The College of Natural and Health Sciences had to reduce one position from the physics department, leaving just one physics faculty member. There are many spiraling effects to the loss of even one faculty member; next year there may not be a physics major offered. “If students are here now and they declare that major by the end of the semester, then yes: we will make sure they will finish their major,” said Mark Huntington, dean of the College of Natural and Health Sciences and interim vice president for Academic Affairs. “I don’t want to speak for the physics faculty, but it’s difficult to have a major with one faculty member.”

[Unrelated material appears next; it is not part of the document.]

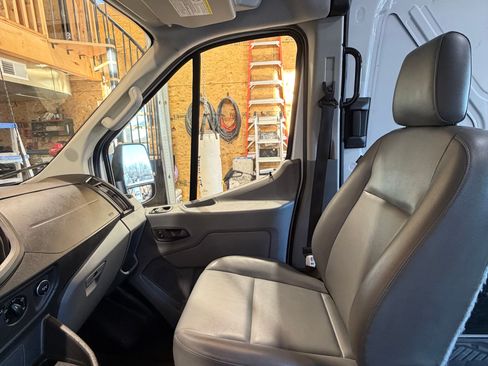 Used 2018 Ford Transit 150 148 Medium Roof image 17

Huntington stressed the impact of the reductions not only academically, but also emotionally. “Last Tuesday was a very hard day,” he said. “These are my colleagues and we all work very closely together; we are a very close-knit group.” Something he repeated again and again, stressing just how important this was to him, was how decisions were not made “lightly.”

“They were difficult to make,” Huntington said. “It’s not just about a major or an academic program—it’s about people.”  The College of Education and Social Science will not be filling a position that is being vacated due to retirement. “The immediate impact is we have to do some reconfiguration of the history major and the history education major,” said Leonard Williams, dean of the College of Education and Social Science. “We have to figure out how we can meet the state requirements and provide as good of an education for our students as we can.”

Williams’s office was a perfect portrayal of someone with a love for history—and politics. He had a picture of the First Amendment above his desk, and two cases of bookshelves, racked with titles such as “The Origins of the American Constitution” and “Strong Democracy.” He offered an analytical view of why reductions happened, looking at old warning signs of how programs in other schools in the Midwest have had declining enrollments. Looking at the demographics, he said: “There’s just not enough 18-25-year olds going to college in these areas.”

This is not unfamiliar territory. “The odd thing for me,” Williams said, “is we had similar troubles in the early to mid-1980s with enrollment—faculty and staff cuts had to happen.

Then, somehow we survived and prospered and now it’s kind of come back to that and that’s just the demographic changes for a school that depends on students coming here.” Williams explained how the programs that get hit hardest are the ones that have the fewest numbers of majors. “Even though they’re making contributions in other ways, that’s where the numbers lead you,” he said.

Emotionally, this was no easier on Williams than it was on Huntington. “It’s rough first, in having to do it and second, in knowing that the institution that I knew 30 some years ago is changing” Williams said. “It’s rough when we know friends and colleagues are suffering, yet decisions have to be made.”